The same is true, Jackson Hole Playhouse Owner Vicki Garnick said, of William Hauptman’s musical adaptation, “Big River: The Adventures of Huckleberry Finn.”

“We feel like it’s so timeless,” Garnick said. “It’s the work of Mark Twain, it’s the story of Huckleberry Finn, but it’s also what we’re dealing with today.”

The Playhouse’s production of “Big River” kicked off last week and will run through August.
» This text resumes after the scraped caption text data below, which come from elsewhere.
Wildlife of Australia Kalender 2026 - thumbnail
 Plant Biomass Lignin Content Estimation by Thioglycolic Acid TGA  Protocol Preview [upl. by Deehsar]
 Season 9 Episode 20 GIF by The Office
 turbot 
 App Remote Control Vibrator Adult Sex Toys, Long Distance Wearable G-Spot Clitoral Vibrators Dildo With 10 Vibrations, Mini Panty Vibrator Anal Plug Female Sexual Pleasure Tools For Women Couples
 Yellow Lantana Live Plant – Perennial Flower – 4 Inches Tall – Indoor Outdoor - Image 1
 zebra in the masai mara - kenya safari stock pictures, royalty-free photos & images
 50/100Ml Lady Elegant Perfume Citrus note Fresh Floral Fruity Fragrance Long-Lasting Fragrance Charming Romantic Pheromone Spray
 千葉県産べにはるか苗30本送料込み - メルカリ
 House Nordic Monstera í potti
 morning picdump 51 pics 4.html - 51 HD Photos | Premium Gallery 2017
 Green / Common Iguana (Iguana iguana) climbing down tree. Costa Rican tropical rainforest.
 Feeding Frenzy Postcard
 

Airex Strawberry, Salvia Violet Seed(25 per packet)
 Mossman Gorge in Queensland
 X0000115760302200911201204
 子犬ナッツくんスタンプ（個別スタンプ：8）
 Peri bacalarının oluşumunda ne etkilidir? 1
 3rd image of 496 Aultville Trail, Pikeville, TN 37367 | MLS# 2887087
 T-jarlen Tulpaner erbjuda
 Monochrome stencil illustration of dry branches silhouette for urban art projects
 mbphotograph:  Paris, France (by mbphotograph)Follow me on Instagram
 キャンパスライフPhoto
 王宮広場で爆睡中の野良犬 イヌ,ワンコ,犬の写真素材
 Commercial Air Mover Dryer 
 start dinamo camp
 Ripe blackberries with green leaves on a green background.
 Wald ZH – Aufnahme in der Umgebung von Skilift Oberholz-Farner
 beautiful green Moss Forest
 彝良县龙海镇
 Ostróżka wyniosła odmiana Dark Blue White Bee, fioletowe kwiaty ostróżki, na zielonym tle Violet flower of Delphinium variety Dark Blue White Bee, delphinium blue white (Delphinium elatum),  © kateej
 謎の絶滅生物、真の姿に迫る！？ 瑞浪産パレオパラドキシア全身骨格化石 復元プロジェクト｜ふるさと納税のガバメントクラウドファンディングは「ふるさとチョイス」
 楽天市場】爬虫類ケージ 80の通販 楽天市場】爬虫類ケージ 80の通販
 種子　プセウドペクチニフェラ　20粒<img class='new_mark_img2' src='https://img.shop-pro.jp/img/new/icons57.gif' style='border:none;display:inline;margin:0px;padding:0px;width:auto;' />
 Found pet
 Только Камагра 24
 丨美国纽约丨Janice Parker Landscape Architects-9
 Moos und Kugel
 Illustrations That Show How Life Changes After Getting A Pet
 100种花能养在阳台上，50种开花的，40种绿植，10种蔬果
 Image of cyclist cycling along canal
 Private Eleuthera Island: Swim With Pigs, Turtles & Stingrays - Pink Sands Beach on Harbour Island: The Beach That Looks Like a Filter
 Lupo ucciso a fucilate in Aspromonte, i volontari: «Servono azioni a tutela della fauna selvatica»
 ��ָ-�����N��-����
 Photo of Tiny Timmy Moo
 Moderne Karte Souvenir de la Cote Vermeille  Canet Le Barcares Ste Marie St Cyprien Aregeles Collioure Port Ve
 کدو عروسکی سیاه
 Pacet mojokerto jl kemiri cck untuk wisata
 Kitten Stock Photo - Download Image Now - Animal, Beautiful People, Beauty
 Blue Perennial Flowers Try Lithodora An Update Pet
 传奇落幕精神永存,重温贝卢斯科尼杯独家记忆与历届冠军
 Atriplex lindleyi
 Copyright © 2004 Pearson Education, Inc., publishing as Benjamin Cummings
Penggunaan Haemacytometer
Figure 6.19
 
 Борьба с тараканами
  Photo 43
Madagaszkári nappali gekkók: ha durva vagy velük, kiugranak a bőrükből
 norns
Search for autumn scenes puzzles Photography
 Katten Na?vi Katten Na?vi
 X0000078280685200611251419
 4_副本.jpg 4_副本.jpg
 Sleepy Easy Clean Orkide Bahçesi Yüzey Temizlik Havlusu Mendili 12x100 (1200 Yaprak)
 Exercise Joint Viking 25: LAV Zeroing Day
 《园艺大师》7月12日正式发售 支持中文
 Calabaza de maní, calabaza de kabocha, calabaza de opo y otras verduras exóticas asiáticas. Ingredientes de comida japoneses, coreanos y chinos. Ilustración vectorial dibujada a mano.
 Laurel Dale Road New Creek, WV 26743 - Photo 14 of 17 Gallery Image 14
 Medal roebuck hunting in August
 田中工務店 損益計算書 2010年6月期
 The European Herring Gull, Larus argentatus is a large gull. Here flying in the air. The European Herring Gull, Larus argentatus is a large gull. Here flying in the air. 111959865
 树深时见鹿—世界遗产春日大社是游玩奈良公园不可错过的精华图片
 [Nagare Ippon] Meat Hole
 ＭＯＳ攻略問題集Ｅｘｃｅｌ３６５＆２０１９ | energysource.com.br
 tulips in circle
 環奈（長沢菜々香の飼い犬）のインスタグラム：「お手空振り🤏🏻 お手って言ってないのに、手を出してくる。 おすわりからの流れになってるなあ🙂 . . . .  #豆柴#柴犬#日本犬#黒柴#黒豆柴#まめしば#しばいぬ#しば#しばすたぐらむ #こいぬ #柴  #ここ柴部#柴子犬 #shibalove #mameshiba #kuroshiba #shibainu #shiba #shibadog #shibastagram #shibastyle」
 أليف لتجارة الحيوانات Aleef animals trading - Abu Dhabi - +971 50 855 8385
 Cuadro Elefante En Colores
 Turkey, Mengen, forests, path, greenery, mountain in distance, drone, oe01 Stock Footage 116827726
A grand opening will take place during Thursday’s show, with a question-and-answer session with the members of the cast and crew after the curtain closes.

Garnick wanted to produce “Big River” to break out of the Playhouse’s usual, commercial mold and address big-picture issues like race and racism.

“It’s a different reach for us here at the Playhouse,” she said. “We’re trying to capture the love of humanity and say that people matter most, no matter what type of people they are. ”

Thursday’s performance will start at 8 p.m. and run until about 10:15. The Q&A will begin around 10:40.

For tickets, which cost $95 for adults, and more information, go online and search

‘One by One’ to end

A free closing celebration for Bronwyn Minton’s “One by One: A Study in Observation” is scheduled for 5 to 7 tonight at Turner Fine Art.

The exhibit, a collection of work that scrutinizes how humans interact with the natural world through scale and observation, has hung in the gallery since early May. It will close Friday.